WHAT YOU HAVE TO DO: Excluding pictures, what does the listing below contain from the line with "adidas Original Utility Mini Sling Bag Black" up to and including the line with "Grohe Atrio Private", word for word?

PROVIDED DATA:
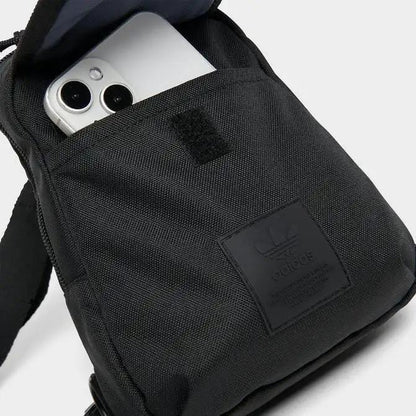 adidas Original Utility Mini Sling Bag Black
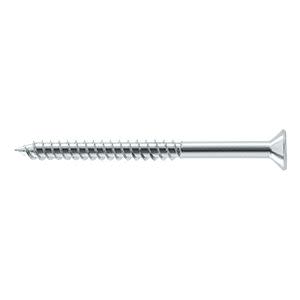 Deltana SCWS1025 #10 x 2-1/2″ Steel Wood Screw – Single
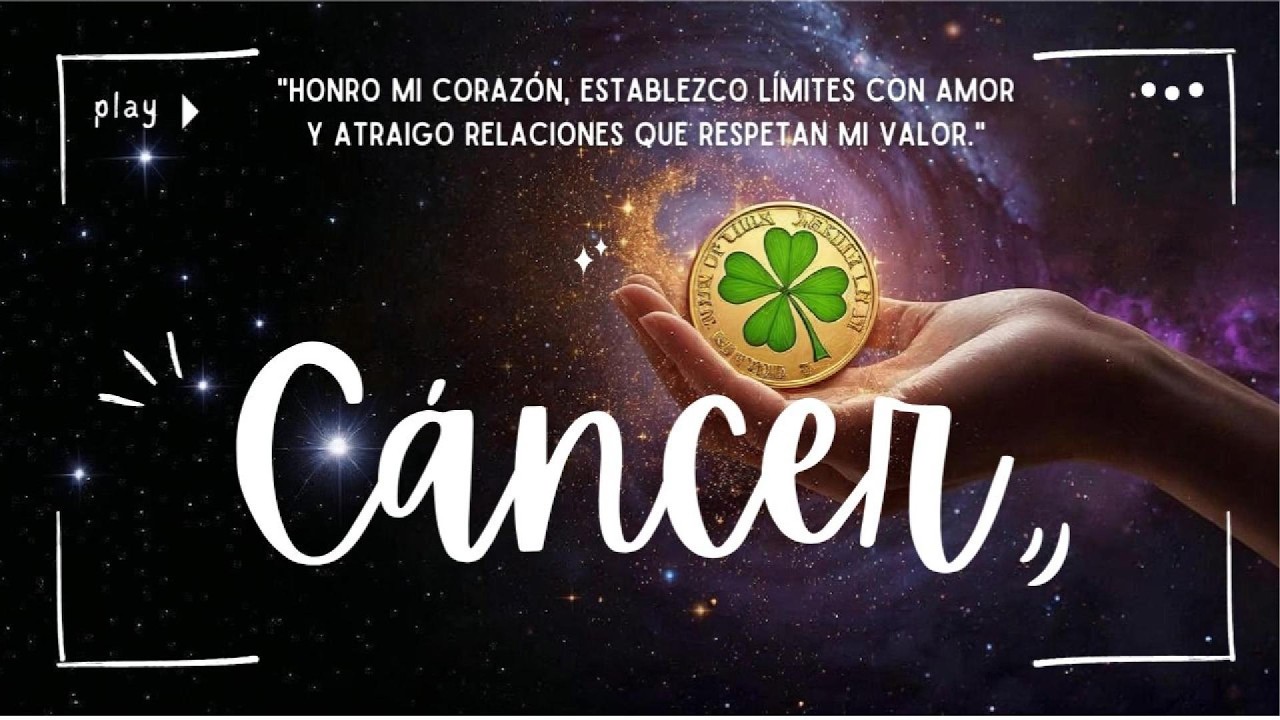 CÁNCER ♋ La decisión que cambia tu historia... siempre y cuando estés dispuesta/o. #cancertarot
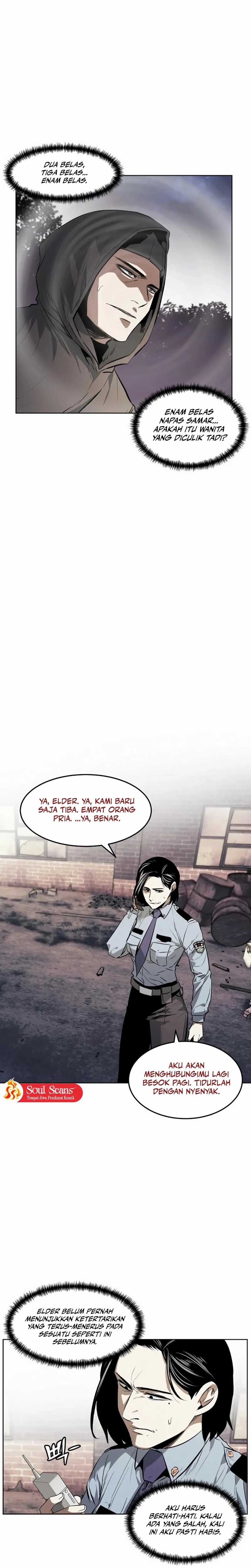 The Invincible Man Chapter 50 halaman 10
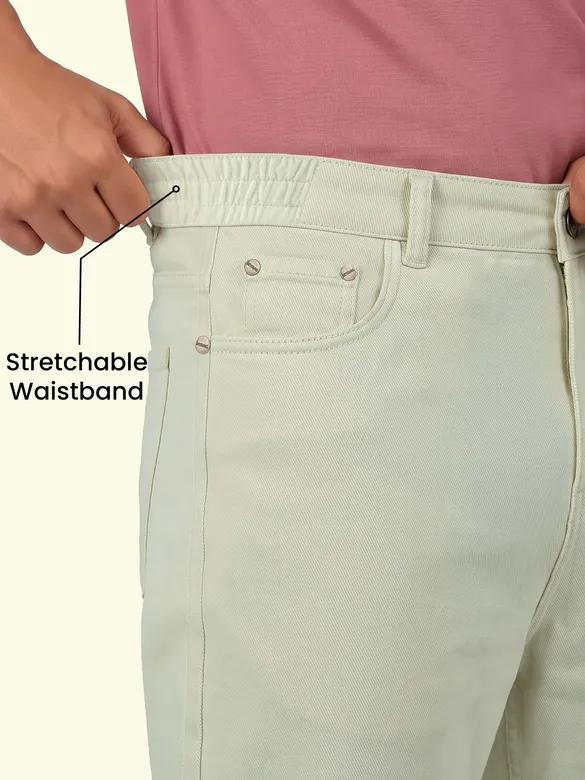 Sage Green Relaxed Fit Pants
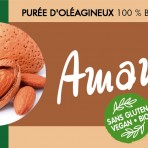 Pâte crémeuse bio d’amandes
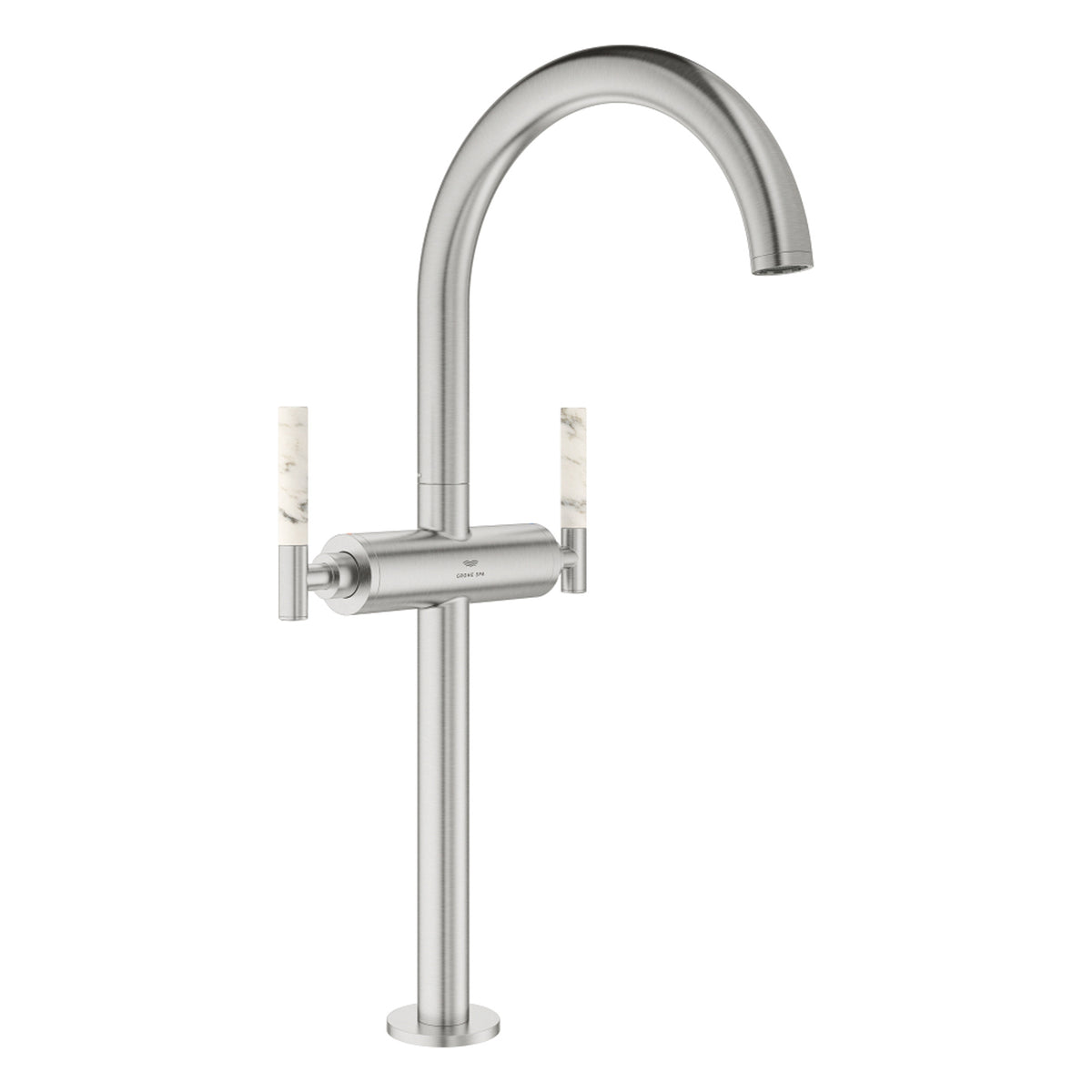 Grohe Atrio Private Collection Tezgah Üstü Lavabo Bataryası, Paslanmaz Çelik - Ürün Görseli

* * *

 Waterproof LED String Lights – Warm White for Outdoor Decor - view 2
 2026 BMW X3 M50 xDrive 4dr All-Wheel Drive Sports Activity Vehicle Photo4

YOUR RESPONSE:
 adidas Original Utility Mini Sling Bag Black
 Deltana SCWS1025 #10 x 2-1/2″ Steel Wood Screw – Single
 CÁNCER ♋ La decisión que cambia tu historia... siempre y cuando estés dispuesta/o. #cancertarot
 The Invincible Man Chapter 50 halaman 10
 Sage Green Relaxed Fit Pants
 Pâte crémeuse bio d’amandes
 Grohe Atrio Private Collection Tezgah Üstü Lavabo Bataryası, Paslanmaz Çelik - Ürün Görseli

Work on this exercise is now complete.